### Aim of the exercise
Only lines holding "Ford" are needed; copy each of them from the data below.

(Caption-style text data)
++++++++++

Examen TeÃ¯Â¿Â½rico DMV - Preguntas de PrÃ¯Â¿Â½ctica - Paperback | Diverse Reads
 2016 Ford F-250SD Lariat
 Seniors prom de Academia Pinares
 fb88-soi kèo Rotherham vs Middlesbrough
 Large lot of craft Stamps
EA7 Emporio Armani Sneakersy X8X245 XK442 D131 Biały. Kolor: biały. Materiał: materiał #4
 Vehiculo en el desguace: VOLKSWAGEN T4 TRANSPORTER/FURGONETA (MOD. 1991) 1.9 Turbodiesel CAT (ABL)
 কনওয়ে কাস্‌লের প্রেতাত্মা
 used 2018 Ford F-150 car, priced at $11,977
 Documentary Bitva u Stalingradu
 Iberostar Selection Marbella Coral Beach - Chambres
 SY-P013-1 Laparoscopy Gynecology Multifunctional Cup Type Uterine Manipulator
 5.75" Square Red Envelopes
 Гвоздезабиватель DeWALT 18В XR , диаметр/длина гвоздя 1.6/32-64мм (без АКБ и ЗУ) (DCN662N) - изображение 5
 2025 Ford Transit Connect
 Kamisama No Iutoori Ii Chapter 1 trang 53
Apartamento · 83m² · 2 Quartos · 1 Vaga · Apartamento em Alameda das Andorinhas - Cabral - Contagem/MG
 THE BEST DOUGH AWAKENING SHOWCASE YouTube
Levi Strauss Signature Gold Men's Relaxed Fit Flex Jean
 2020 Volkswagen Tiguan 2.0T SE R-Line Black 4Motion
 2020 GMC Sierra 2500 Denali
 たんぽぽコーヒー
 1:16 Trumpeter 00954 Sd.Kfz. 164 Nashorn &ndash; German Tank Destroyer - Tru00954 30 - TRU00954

++++++++++

### Reply
 2016 Ford F-250SD Lariat
 used 2018 Ford F-150 car, priced at $11,977
 2025 Ford Transit Connect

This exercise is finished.